Carolina Escobar Sarti
Sucedió en México hace ya tiempo. Para Panamá es un tema habitual. Y ahora Costa Rica tomó medidas en ese sentido: un decreto conjunto de los ministerios de Educación Pública (MEP) y Salud fue publicado hace una semana y firmado por la presidenta Laura Chinchilla, prohibiendo la comercialización de una gran cantidad de alimentos y bebidas empacadas en las tiendas de escuelas y colegios. A la pregunta lanzada por un periodista sobre si tal decisión podía violar la libertad de comercio, el ministro de Educación de aquel país, Leonardo Garnier, respondió:
“La soda —tienda— debe ser entendida como parte del centro educativo. Hay gente que dice que es un atentado para la libertad de comercio, pero esto no aplica. No se pueden vender tiras cómicas en los colegios y nunca se ha considerado que eso atente el libre comercio”.
¿Cuántos padres y madres tienen el tiempo, el interés o el dinero para preparar menús alimenticios balanceados o cuentan con la información adecuada y suficiente sobre los valores nutricionales de los alimentos que deberían de consumir sus hijas e hijos mientras crecen? ¿Cuántas familias no comen bien o no comen del todo en América Latina? Asocio las respuestas posibles a la vergüenza ajena que produce el hecho de que, frente a medidas tan importantes para la salud de la niñez y adolescencia, haya algunas personas de conciencia limítrofe, muchas veces relacionadas con la industria alimenticia, que dicen que el sobrepeso o la desnutrición se deben a que muchas familias no saben alimentarse balanceadamente.

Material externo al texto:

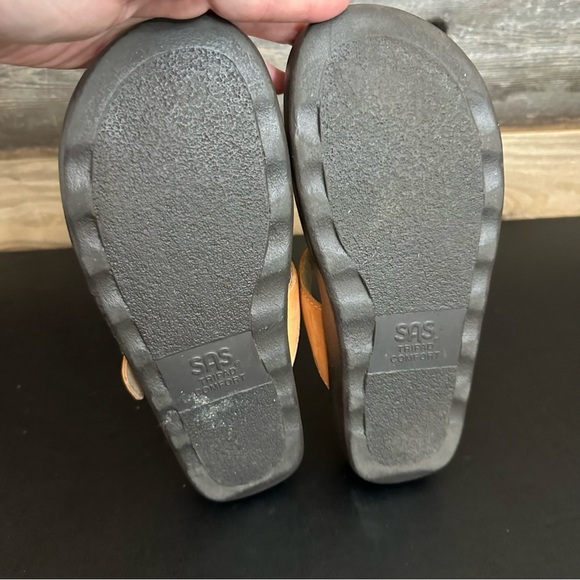 SAS Tripad Sanibel Leather Slip On Flip Flop Thong Sandal Womens Orange 8M - Picture 9 of 10
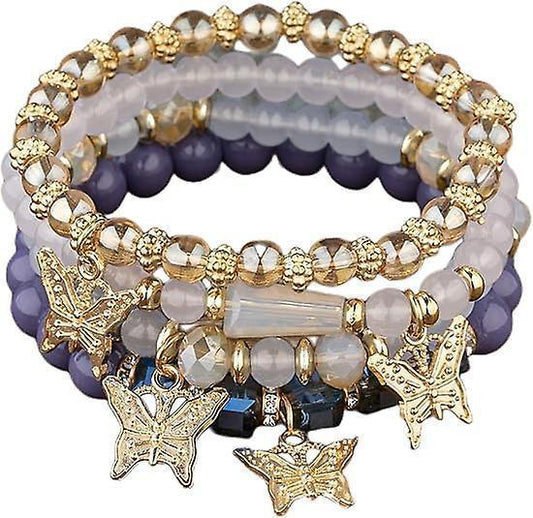 4pcs Set Bohemian Butterfly Crystal Stone Stretch Pendant Bracelets For Women Girls Gold Beaded Stackable Stretch Bracelet Colorful Charm Jewelry Kemu |Fashion Home Kitchen Beauty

En países como Guatemala, que se debaten entre la desnutrición y la obesidad, el tema da para mucho. La alimentación está en la base de una buena educación, de una buena salud, de una buena vida, de un buen país. Quien no come, no piensa siquiera en ir a estudiar, o en esa cosa nebulosa que se llama paz, y menos en llegar a ser profesional, deportista o artista. Con hambre solo hay hambre. Y en Guatemala hay familias desnutridas por tres generaciones y más.
Hay, también, una buena parte de la población que vive una economía de sobrevivencia, lo cual implica que madre y padre trabajen todo el día y no tengan tiempo de preparar comida sana para sus hijos e hijas. Les dan dinero para que compren en la tienda de la escuela o del colegio, y lo que allí adquieren son gaseosas, bolsitas de frituras, dulces, comida llena de sodio, grasa vegetal hidrogenada, colorantes artificiales, etcétera. Todo, respaldado por la saturación publicitaria sobre las “bondades” de la comida rápida, una industria que, sin la presión de regulaciones a favor de la salud pública y de una ciudadanía más y mejor informada, sería solamente voraz.
Primero, sería deseable que todas las personas de este país se alimentaran. Simple. Luego, podríamos enseñar a las personas adultas a comer bien y a multiplicar este conocimiento. Mientras, haríamos una Encuesta Nacional de Nutrición que seguro sería muy reveladora. Al fin y al cabo, también podemos aprender a imitar lo bueno de nuestros vecinos.